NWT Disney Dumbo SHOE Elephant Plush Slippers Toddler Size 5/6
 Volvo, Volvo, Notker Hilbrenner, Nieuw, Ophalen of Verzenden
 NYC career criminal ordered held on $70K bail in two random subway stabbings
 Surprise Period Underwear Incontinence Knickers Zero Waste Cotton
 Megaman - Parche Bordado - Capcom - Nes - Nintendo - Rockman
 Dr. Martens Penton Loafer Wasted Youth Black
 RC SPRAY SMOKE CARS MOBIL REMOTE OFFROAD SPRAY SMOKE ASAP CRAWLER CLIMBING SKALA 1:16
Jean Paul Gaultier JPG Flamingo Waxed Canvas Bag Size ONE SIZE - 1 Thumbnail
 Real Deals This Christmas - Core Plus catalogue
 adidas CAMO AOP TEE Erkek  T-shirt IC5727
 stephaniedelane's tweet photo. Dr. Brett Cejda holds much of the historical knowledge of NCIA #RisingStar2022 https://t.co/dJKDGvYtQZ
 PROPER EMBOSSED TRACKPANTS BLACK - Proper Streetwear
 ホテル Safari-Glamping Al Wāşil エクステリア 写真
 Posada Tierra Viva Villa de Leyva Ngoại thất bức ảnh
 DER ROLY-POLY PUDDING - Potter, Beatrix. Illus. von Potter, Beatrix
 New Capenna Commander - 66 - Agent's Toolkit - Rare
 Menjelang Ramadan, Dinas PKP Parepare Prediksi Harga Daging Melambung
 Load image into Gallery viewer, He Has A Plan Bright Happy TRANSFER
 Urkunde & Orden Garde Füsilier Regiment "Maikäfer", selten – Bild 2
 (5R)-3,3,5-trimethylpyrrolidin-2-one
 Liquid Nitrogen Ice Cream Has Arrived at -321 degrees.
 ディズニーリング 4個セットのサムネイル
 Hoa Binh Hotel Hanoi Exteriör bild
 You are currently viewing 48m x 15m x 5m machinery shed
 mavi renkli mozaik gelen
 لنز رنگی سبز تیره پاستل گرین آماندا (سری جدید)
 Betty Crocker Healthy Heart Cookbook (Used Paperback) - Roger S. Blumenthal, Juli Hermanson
* * * *
Scan the entries and show every line in which the word "Size" is found.

Output for this exercise:
NWT Disney Dumbo SHOE Elephant Plush Slippers Toddler Size 5/6
Jean Paul Gaultier JPG Flamingo Waxed Canvas Bag Size ONE SIZE - 1 Thumbnail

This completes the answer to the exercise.